------ Collected data ------

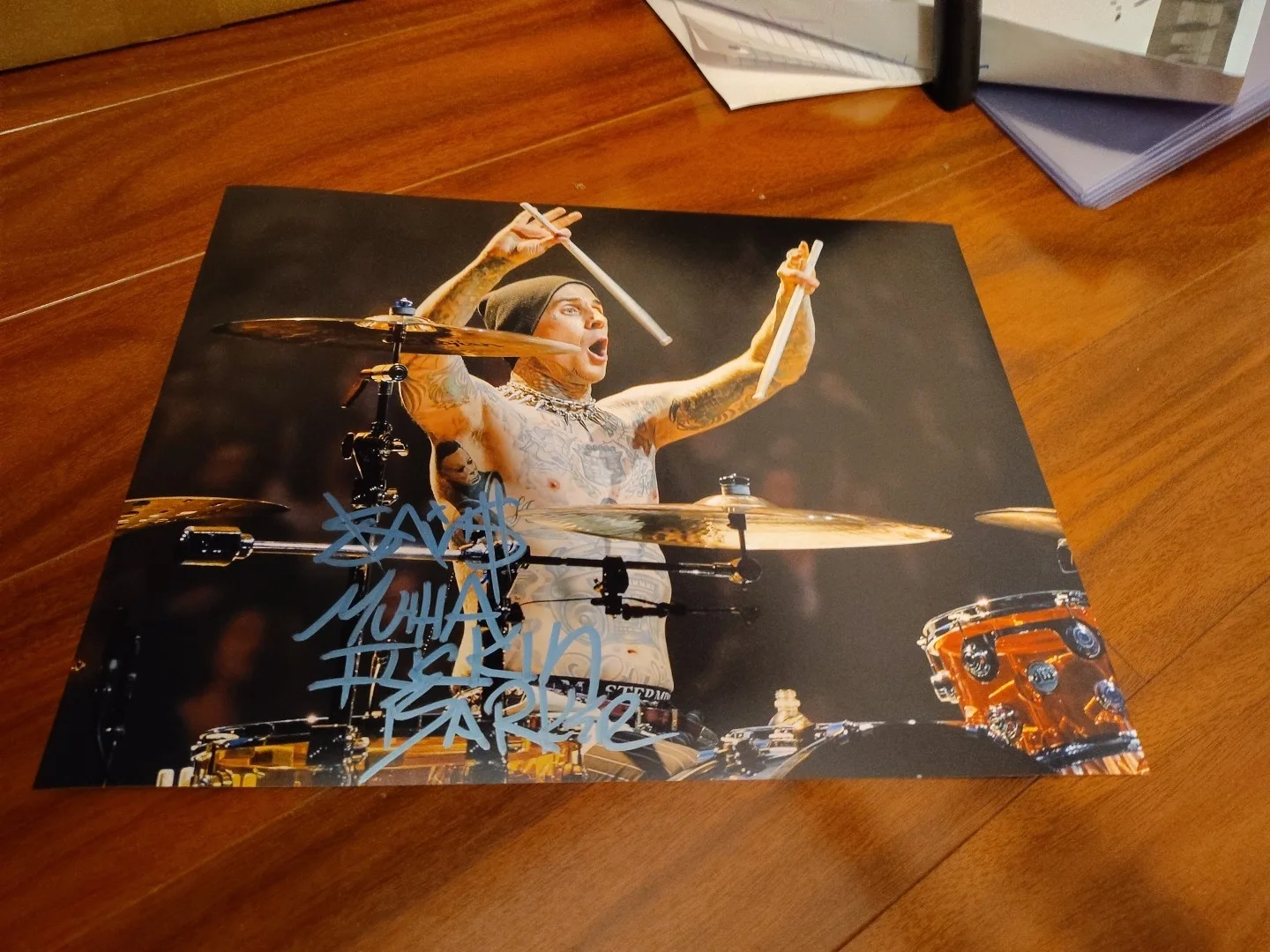 Travis Barker Signed 11x14 Blink 182 Inscribed Mf In Drummer Acrobats +44..., image 2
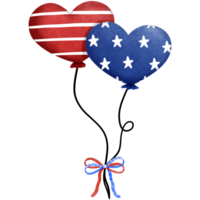 4th of july balloons clipart, Hand drawn watercolor patriotic elements illustration. png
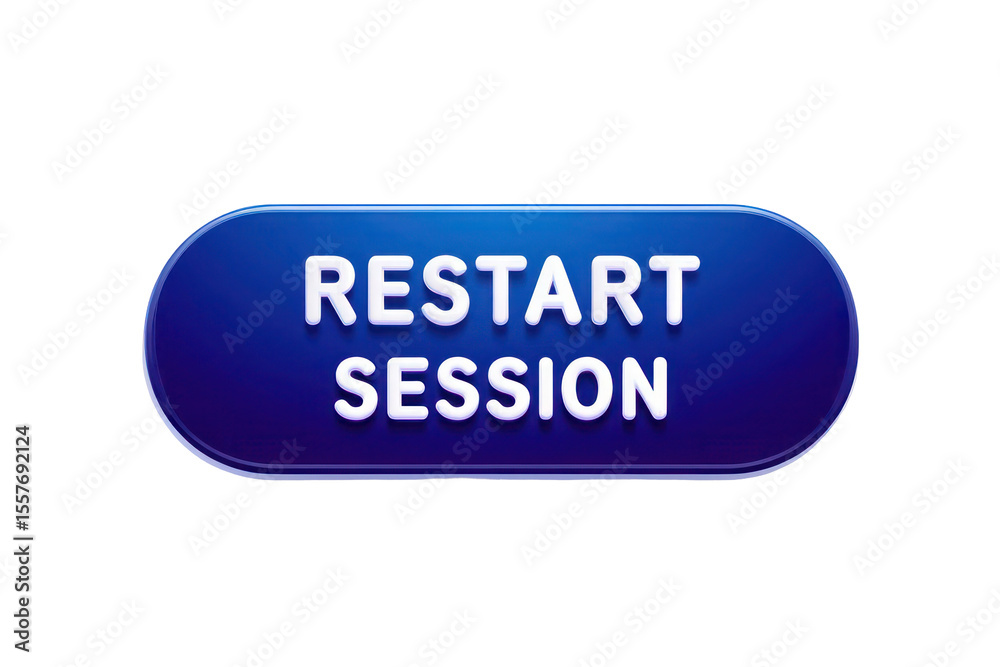 Fototapete blue oval restart session button 3 d render white text isolated on black background transparent p n 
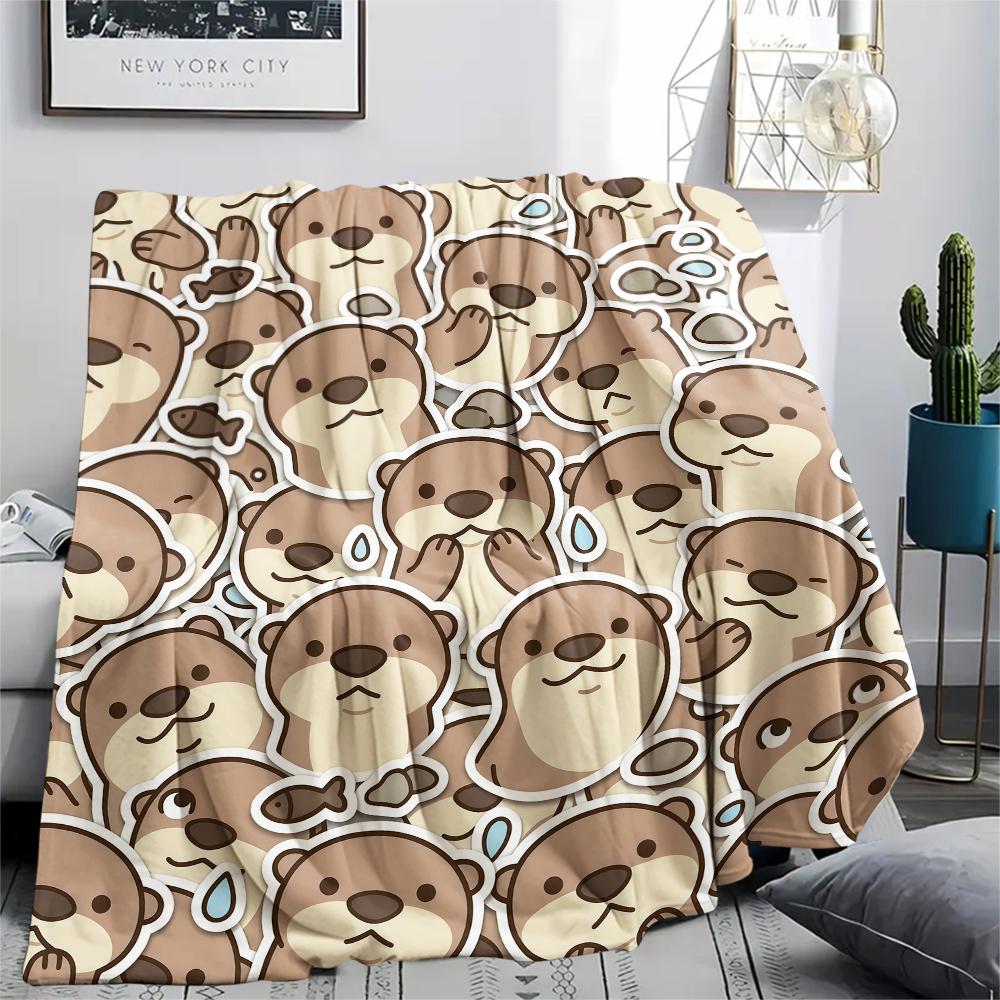 Cute animal panda dolphin Print Flannel Blanket High quality Comfortable for All Seasons Home Decor Warmth and Comfort Perfect for Christmas Gifts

------

* **Problem to solve**: Images are not wanted in the copy. Please print the material above exactly.

* **Solution to the exercise**:
 Travis Barker Signed 11x14 Blink 182 Inscribed Mf In Drummer Acrobats +44..., image 2
 4th of july balloons clipart, Hand drawn watercolor patriotic elements illustration. png
 Fototapete blue oval restart session button 3 d render white text isolated on black background transparent p n 
 Cute animal panda dolphin Print Flannel Blanket High quality Comfortable for All Seasons Home Decor Warmth and Comfort Perfect for Christmas Gifts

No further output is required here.